→ Try it
Give again every line from the one with "Foto del edificio" through the last line of the data, exactly, and leave out the lines before it.
Task material section start
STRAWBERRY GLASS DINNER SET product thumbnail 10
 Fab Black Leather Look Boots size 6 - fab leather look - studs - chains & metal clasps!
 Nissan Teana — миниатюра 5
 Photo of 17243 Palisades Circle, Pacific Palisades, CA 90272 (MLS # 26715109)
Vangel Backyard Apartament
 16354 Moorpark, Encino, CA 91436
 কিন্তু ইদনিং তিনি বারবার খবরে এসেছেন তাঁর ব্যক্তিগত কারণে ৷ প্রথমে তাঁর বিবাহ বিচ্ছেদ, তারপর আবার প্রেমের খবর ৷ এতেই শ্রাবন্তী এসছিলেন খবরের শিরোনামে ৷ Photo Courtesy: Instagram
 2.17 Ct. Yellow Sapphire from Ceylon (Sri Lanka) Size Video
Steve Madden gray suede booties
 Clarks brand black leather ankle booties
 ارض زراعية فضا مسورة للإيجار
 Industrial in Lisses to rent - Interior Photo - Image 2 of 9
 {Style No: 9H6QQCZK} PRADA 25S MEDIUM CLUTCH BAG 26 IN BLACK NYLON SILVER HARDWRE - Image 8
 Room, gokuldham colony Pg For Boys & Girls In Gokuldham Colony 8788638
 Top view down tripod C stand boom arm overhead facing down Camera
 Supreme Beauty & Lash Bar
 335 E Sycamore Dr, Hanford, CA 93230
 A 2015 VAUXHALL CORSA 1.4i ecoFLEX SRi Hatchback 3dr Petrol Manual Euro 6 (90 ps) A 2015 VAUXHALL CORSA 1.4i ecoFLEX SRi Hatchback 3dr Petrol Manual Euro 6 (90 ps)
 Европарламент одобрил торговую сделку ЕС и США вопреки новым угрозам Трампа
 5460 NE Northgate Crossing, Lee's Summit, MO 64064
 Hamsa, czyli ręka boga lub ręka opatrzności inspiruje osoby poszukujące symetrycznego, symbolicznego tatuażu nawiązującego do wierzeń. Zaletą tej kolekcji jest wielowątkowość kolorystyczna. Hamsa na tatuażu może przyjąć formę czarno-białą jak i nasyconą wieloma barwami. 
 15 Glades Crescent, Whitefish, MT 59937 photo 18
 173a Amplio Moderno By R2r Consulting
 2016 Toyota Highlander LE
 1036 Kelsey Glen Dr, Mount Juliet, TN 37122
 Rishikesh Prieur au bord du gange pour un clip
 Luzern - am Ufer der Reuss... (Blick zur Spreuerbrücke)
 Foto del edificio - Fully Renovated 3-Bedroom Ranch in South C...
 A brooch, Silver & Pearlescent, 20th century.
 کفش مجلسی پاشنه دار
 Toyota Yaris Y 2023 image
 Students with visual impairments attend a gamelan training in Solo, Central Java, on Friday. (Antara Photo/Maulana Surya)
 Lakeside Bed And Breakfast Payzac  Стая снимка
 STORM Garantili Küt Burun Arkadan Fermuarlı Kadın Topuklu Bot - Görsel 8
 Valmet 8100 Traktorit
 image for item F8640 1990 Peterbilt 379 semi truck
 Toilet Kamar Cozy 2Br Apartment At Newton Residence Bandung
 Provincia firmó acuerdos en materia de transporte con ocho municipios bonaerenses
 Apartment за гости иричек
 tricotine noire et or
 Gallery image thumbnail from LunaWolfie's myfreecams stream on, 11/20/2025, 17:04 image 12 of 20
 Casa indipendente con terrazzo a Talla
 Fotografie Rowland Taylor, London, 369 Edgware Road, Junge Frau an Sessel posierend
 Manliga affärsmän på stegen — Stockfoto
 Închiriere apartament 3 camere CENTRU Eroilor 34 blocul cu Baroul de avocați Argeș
Task material section end
→ Solved problem
 Foto del edificio - Fully Renovated 3-Bedroom Ranch in South C...
 A brooch, Silver & Pearlescent, 20th century.
 کفش مجلسی پاشنه دار
 Toyota Yaris Y 2023 image
 Students with visual impairments attend a gamelan training in Solo, Central Java, on Friday. (Antara Photo/Maulana Surya)
 Lakeside Bed And Breakfast Payzac  Стая снимка
 STORM Garantili Küt Burun Arkadan Fermuarlı Kadın Topuklu Bot - Görsel 8
 Valmet 8100 Traktorit
 image for item F8640 1990 Peterbilt 379 semi truck
 Toilet Kamar Cozy 2Br Apartment At Newton Residence Bandung
 Provincia firmó acuerdos en materia de transporte con ocho municipios bonaerenses
 Apartment за гости иричек
 tricotine noire et or
 Gallery image thumbnail from LunaWolfie's myfreecams stream on, 11/20/2025, 17:04 image 12 of 20
 Casa indipendente con terrazzo a Talla
 Fotografie Rowland Taylor, London, 369 Edgware Road, Junge Frau an Sessel posierend
 Manliga affärsmän på stegen — Stockfoto
 Închiriere apartament 3 camere CENTRU Eroilor 34 blocul cu Baroul de avocați Argeș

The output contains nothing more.